**Your instructions**
Below is a listing. Set down exactly the lines from the one containing "Набор 2 щетки" through the one containing "DNA Strands Pattern", both ends included, and leave out the rest.

**Exercise inputs**
+--

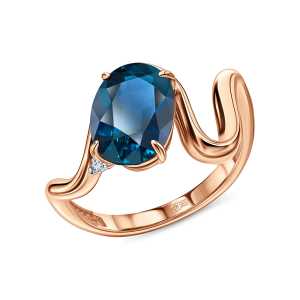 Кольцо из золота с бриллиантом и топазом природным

+--

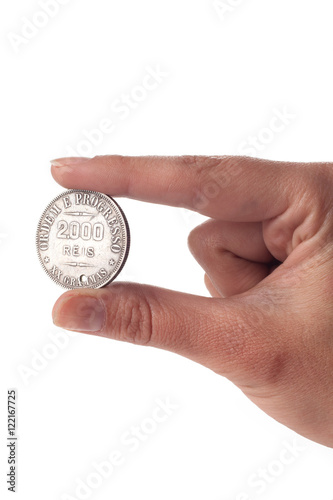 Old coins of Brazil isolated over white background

+--

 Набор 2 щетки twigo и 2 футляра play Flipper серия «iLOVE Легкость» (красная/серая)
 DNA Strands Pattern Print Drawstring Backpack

+--

**Exercise solution**
 Набор 2 щетки twigo и 2 футляра play Flipper серия «iLOVE Легкость» (красная/серая)
 DNA Strands Pattern Print Drawstring Backpack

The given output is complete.